3

Comme Lyderic n’avait pas d’or pour acheter l’épée qu’il convoitait, il résolut de s’en forger une lui-même. Alors, s’approchant de la forge :

– Maître, dit-il en s’adressant à Mimer, je voudrais bien une épée comme celle que tu viens de vendre à ce chevalier ; mais, comme je n’ai ni or ni argent pour l’acheter, il faut que tu me permettes de la faire moi-même à ta forge et avec tes marteaux ; j’y travaillerai deux heures par jour ; le reste de mon temps sera à toi, et, en échange de ce temps, tu me donneras une barre de fer : le reste me regarde.

À cette demande étrange et à la vue de cet enfant sans barbe, les compagnons se mirent à rire, et maître Mimer, le regardant par-dessus son épaule :

– J’accepte ta proposition, lui dit-il ; mais encore faut-il que je sache si tu as la force de lever un marteau.

Lyderic sourit, entra dans la forge, prit la masse la plus pesante, et, la faisant voltiger d’une seule main autour de sa tête, comme un enfant aurait fait d’un maillet en bois, il en frappa un si rude coup sur l’enclume que l’enclume s’enfonça d’un demi-pied dans la terre ; et, avant que maître Mimer et ses compagnons fussent revenus de leur surprise, il avait frappé trois autres coups avec la même force et le même résultat, si bien que l’enclume était prête à disparaître.

– Et maintenant, dit Lyderic en reposant sa masse, croyez-vous, maître Mimer, que je suis digne d’être votre apprenti ?

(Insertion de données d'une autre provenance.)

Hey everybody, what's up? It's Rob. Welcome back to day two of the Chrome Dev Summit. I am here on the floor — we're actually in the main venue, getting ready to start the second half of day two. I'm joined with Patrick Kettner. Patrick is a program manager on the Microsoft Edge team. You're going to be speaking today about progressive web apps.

Maître Mimer était stupéfait : il s’approcha de l’enclume, pouvant à peine croire ce qu’il avait vu, et essaya de l’arracher de terre ; mais, voyant qu’il ne pouvait y parvenir, il ordonna à ses compagnons de l’aider : les compagnons aussitôt se mirent à l’œuvre, mais tous leurs efforts furent inutiles ; alors on alla chercher des leviers, des cordes et un cabestan ; mais ni cabestan, ni cordes, ni leviers ne la purent faire bouger d’une ligne. Ce que voyant Lyderic, il prit pitié du mal que se donnaient ces pauvres gens ; et, leur ayant fait signe de s’écarter, il s’approcha de l’enclume à son tour et l’arracha avec la même facilité qu’un jardinier eût fait d’une rave.

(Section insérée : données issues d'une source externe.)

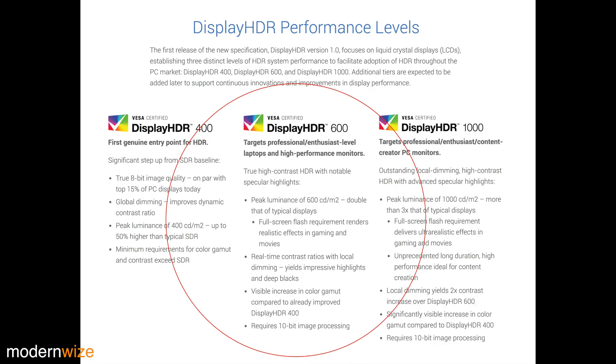DisplayHDR 600 is targeting professional and enthusiast-level laptops and high-performance monitors. The spec calls for true high-contrast HDR with notable specular highlights, a peak luminance level of 600 cd/m², or 600 nits — that's double the luminosity of a typical display. There is a full-screen flash requirement for rendering realistic effects in gaming and movies, think explosions, lightning flashes, car headlights shining into the camera. There's also a requirement for real-time contrast ratios with local dimming yielding impressive highlights and deep blacks, a visible increase in color gamut compared to DisplayHDR 400, and at least 10-bit image processing.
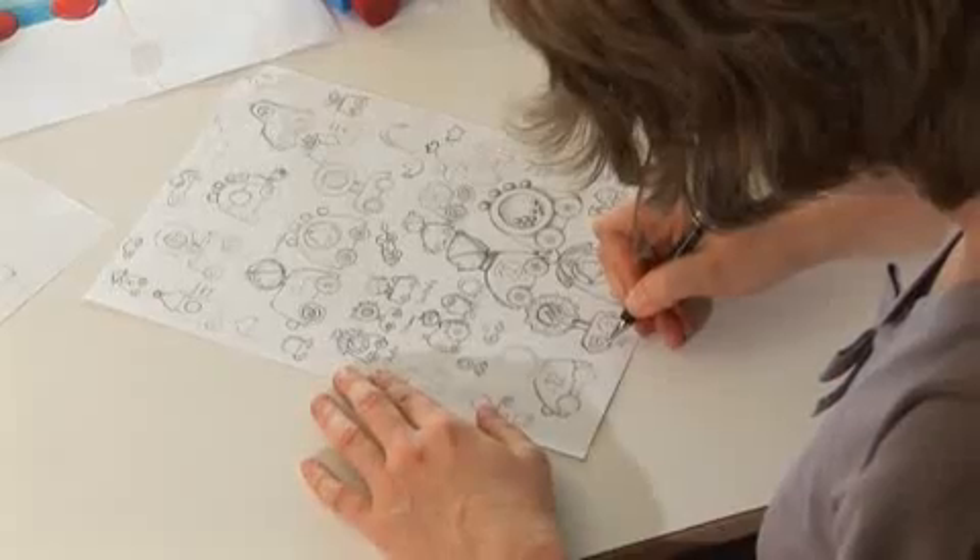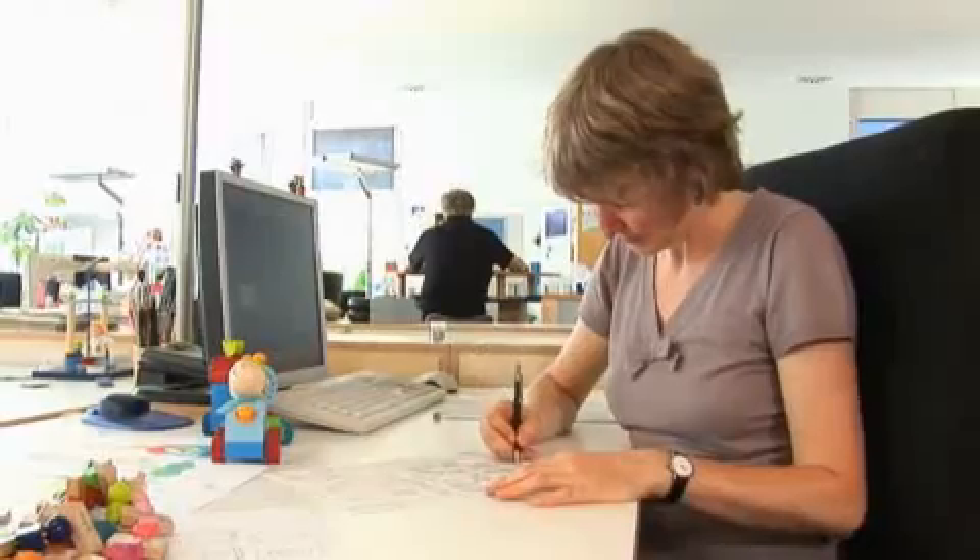Then work begins for the designers. First, suggestions are sketched by hand. During sketching, quite nice ideas can arise. The product is being worked out in the true sense of the word. Sometimes it happens that an idea comes up spontaneously during careful drawing, due to the delight in designing. But after all, this is true work, not wizardry.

Maître Mimer n’avait garde de refuser un tel compagnon, car il avait mesuré du premier coup de quel secours il lui pouvait être ; en conséquence, il se hâta de dire à Lyderic qu’il acceptait les conditions qu’il lui avait proposées, tant il craignait que celui-ci ne se repentît d’avoir été si facile et ne lui en demandât d’autres. Mais, comme on le pense bien, Lyderic n’avait qu’une parole, et, à l’instant même, il fut installé chez maître Mimer, avec le titre de treizième compagnon.

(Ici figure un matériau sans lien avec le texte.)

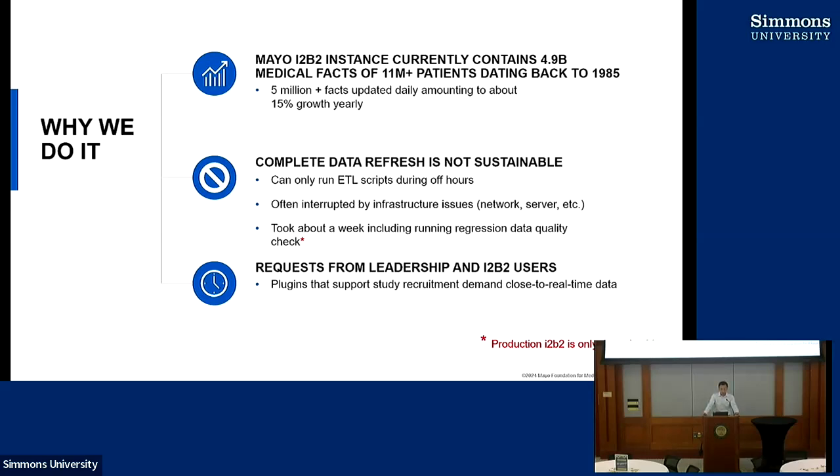Another reason driving us to incremental data refresh is we often get requests from our I2B2 users hoping for more up-to-date data. We used to try to stay on every three months data refresh, but sometimes we don't make that target. We have many use cases that would like to see data more current than three months old — one of them being recruitment. We also build plug-ins to help study teams use I2B2 to identify cohorts and export data for patient recruitment. And our leadership in research kept pressing me to go to incremental data refresh.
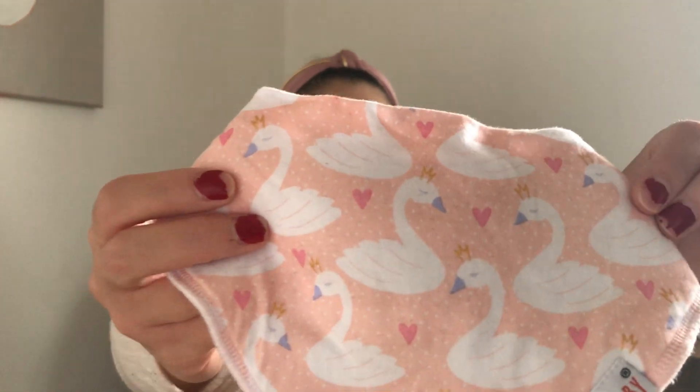The first thing: drooly bibs. I like bandana bibs. You can get big packs of these for like $20 on Amazon, and they come in really cute patterns like this little swan one, and then this one's a little darker. Anytime they get saturated, you just change them out. We have about 14, I think — so that's enough for like two a day. Those are a definite must-have unless you want to be constantly changing your baby's clothes because they got wet from drool.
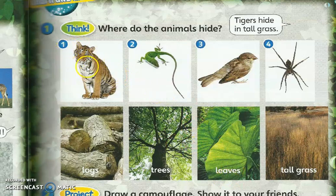Nombor 1 — kamu boleh terus baca: tigers hide in tall grass, maknanya harimau tinggal di dalam rumput yang panjang. Lizard pulak — lizard hides di mana? Logs, trees, or leaves? Kemudian pergi kepada burung pulak — birds hide. Tadi cikgu dah cakap: birds hide on the trees. Kamu pilih dua sahaja: spider dan lizard.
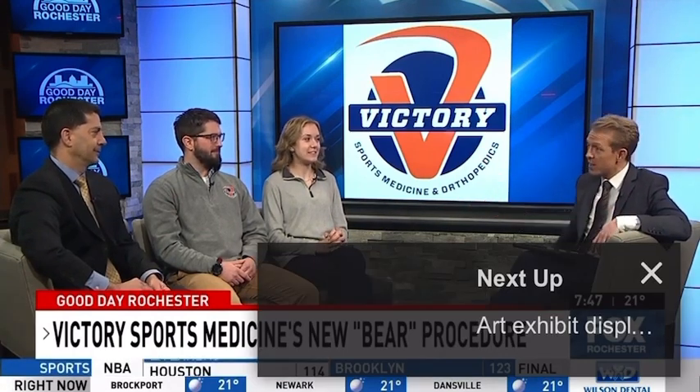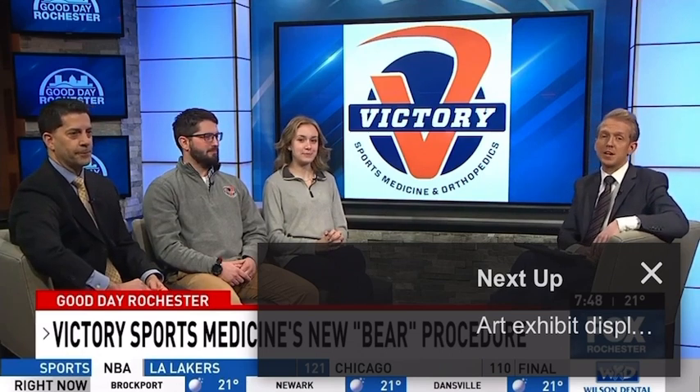We don't want that to happen to you. So follow the instructions, follow the advice, and keep up the great work. This is pretty incredible — thank you all so much for coming in. We're going to post all this information on our website, foxrochester.com, after the show this morning.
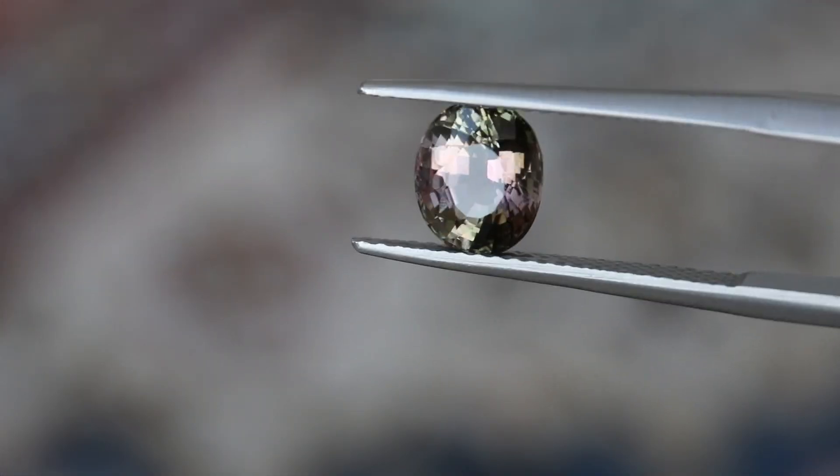Some doubly refractive stones have a very strong pleochroism — tourmaline is often a good example. And some stones have a much weaker pleochroism, for example this peridot and this aquamarine. But strong or weak, as long as we are sure that we see those two different colors, then we're certain.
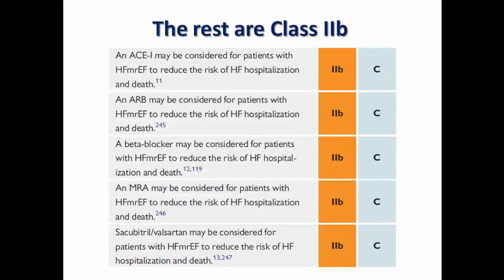In conclusion, all these medications — ACE inhibitors, ARBs, beta blockers, MRAs, and ARNI — have a Class 2B recommendation in HFmrEF. This does not mean we avoid using them; we can prescribe them, but so far the evidence is weak and may be strengthened by further clinical trials.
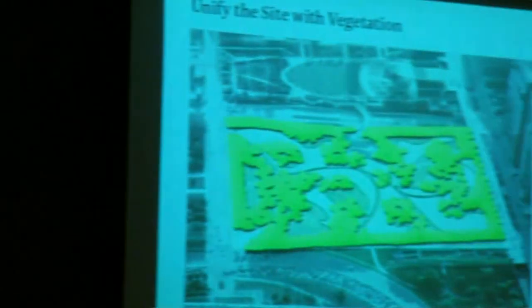Here you see them starting to come together — the paths, the lawns, the topography. These are just very early sketches showing you the organization.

Tout alla à merveille : Lyderic choisit la barre de fer qui lui convenait, et, tout en s’acquittant fidèlement des obligations contractées avec maître Mimer, grâce aux deux heures qu’il s’était réservées chaque jour, sans leçons, sans enseignement, rien qu’en imitant ce qu’il voyait faire, il parvint en six semaines à se forger la plus belle et la plus puissante épée qui fût jamais sortie des ateliers de maître Mimer. Elle avait près de six pieds de long, la poignée et la lame étaient faites d’un même morceau ; la lame était si fortement trempée qu’elle tranchait le fer comme une autre eût tranché le bois, et la poignée, si délicatement finie qu’on eût dit, non pas l’ouvrage d’un homme, mais l’œuvre des génies.

Lyderic l’appela Balmung.

Quand maître Mimer vit cette belle épée, il en fut jaloux ; car il pensa qu’adroit et fort comme était Lyderic, il pourrait lui faire un grand tort s’il lui prenait envie de s’établir dans le canton : ce fut bien pis quand Lyderic lui demanda à rester chez lui encore trois autres mois pour se forger le reste de l’armure, convaincu qu’il était que les chevaliers qui verraient ce qui sortait de la main du compagnon ne voudraient plus de ce que faisait le maître. Aussi, tout en faisant semblant d’accepter aux mêmes conditions ce prolongement d’apprentissage, chercha-t-il les moyens de se débarrasser de Lyderic. En ce moment, son premier compagnon, nommé Hagen, qui craignait que le nouveau venu ne prît sa place, s’approcha de Mimer :

– Maître, lui dit-il, je sais à quoi vous pensez : envoyez Lyderic faire du charbon dans la Forêt-Noire, et il sera immanquablement dévoré par le dragon.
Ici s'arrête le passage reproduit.